Por: Rafael A. Escotto
Cuando escucho desde lejos el llanto de una pluma pienso que la palabra de un ángel de la luz está muriendo. La fuerza de sus poemas era como los rayos que despiden la luz a través de un prisma que ilumina a los seres humanos.
Sobre la muerte del poeta Antonio Lockward Artiles su genio literario me obliga a escribir, como el poeta santiagués Dionisio López Cabral a César Vallejo: «El ayer/salvaje/de tu estirpe/ilumina/el horizonte».
Al ver el cadáver de un poeta de la luz metido en un sarcófago no alcanzo a comprender lo que ven mis ojos; entonces, en ese enigma exclamo, como Vallejo: «Hay golpes en la vida, tan fuertes… ¡Yo no sé! Abren zanjas oscuras en el rostro más fiero y en el lomo más fuerte. Serán tal vez los potros de bárbaros Atilas o los heraldos negros que nos manda la muerte».
En medio de aquellos gritos de sepulcros en una de las calles de un cementerio se me presenta el poeta Lockward Artiles vistiendo el traje negro de Stephen King, el escritor estadounidense. Me acerco de nuevo apenado a observar incrédulo el cadáver de Antonio Lockward Artiles reposando en aquel ataúd de majestuosa madera de cedro y se me revela inesperadamente el rostro de Miguel Alfonseca, el poeta de «Arribo de la luz», un verso dedicado a los mártires de la expedición de 1959. Inmediatamente pensé que me habían robado el velatorio. En ese instante reflexiono sobre un discurso poético de Tomás Modesto Galán en el que «la muerte literaria es intrascendente».
Vuelvo la mirada sobre el occiso y observo su pluma de oro reposando sobre su pecho. Es en aquel momento cuando comprendo que nuestro poeta Lockward Artiles había fallecido, no así su sutil y extraordinaria pluma con la que escribió versos de fuego y de conciencia.
Me quedo contemplando la cara intrascendente del poeta y veo en ella descifrable el signo de nuestro mundo recóndito. Entonces me refugio en la muerte de Benedetti con su cara triste, de un niño, y figuro a Lockward Artiles «sin motivo, sin miedo, sin fervor, un pobre niño viejo, que se parece a Dios».
En ese silencio triste en el que nos deja el poeta de grandes jornadas literarias presiento su alma encumbrarse por el altísimo cielo azul, de decorado trono, al que a veces le trenzan nubes y le envuelve el horizonte, hermoso y natural, como aquel paisaje de García Lorca, de olivos y de luceros fríos.
En medio de aquella honda tristeza entro como en un sueño y observo una figura envuelta en unas nubes blancas simbolizando el descenso de Jesús.

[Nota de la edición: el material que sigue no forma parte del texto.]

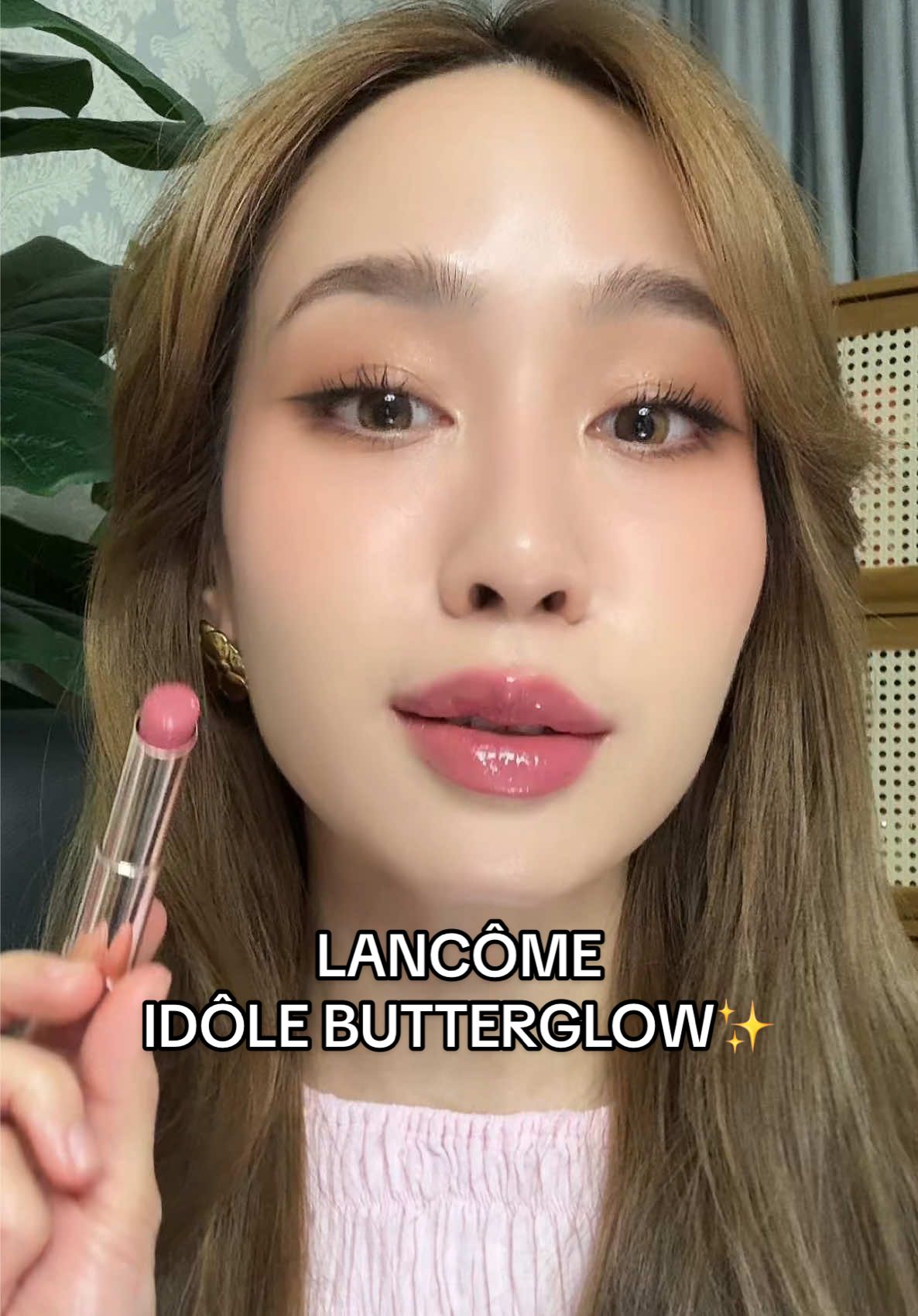 Lancôme idole butterglow ตัวใหม่ คือให้งานปากอิ่มปากจือ glowy สวยมากก✨ #รีวิวบิวตี้ #tiktokป้ายยา #tiktoklooks #เมคอัพเปลี่ยนลุค #สอนแต่งหน้า #รีวิวลิป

Era la figura de René del Risco que estaba en aquel lugar sacramental recibiendo Antonio Lockward Artiles, el poeta amigo de tantas luchas, de tantas críticas literarias, de tanto humanismo filológico.
Los tres, Alfonseca, del Risco y Lockward, fueron vistos y apreciados en la literatura dominicana como si hubiese sido aquel crítico literario griego perteneciente al Renacentismo, Dionisio de Halicarnaso, creador del análisis estilístico.
De pronto, aquella tarde de despedida en el cementerio siento un viento frío que roza mi piel. Entonces me digo, como René del Risco Bermúdez: «Debo saludar la tarde desde lo alto/poner mis palabras del lado de la vida/y confundirme con los hombres/por calles en donde empieza a caer la noche».